Look for the word "venda" in the entries and copy every line where it shows up.

(SOURCE DATA Opens)

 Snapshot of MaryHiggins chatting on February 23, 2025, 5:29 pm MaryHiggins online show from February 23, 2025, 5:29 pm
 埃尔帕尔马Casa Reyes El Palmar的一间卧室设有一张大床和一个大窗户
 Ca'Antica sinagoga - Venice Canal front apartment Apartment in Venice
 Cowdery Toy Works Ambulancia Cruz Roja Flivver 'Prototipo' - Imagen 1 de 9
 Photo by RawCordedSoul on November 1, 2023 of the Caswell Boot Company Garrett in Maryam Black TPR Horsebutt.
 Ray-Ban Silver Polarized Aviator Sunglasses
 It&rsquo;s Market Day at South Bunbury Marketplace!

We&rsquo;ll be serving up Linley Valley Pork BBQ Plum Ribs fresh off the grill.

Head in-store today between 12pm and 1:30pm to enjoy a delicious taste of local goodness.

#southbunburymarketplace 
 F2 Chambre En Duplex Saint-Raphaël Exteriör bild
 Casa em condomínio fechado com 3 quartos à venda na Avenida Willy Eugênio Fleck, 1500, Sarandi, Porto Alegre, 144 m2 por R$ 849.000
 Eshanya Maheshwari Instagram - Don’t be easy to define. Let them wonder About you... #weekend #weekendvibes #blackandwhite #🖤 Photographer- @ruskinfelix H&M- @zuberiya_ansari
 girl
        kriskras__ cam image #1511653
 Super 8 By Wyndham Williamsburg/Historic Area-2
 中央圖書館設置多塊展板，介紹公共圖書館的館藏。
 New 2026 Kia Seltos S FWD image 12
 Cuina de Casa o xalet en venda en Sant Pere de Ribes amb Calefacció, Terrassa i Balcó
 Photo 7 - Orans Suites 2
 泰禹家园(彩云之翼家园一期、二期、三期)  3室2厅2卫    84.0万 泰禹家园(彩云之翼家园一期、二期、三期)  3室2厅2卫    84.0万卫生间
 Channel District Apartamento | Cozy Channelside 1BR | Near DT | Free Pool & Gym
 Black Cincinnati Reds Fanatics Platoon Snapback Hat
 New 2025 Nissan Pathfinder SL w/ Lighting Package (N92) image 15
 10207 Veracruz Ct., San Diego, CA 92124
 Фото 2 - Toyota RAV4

(SOURCE DATA Closes)

## [TASK SOLUTION]
 Casa em condomínio fechado com 3 quartos à venda na Avenida Willy Eugênio Fleck, 1500, Sarandi, Porto Alegre, 144 m2 por R$ 849.000
 Cuina de Casa o xalet en venda en Sant Pere de Ribes amb Calefacció, Terrassa i Balcó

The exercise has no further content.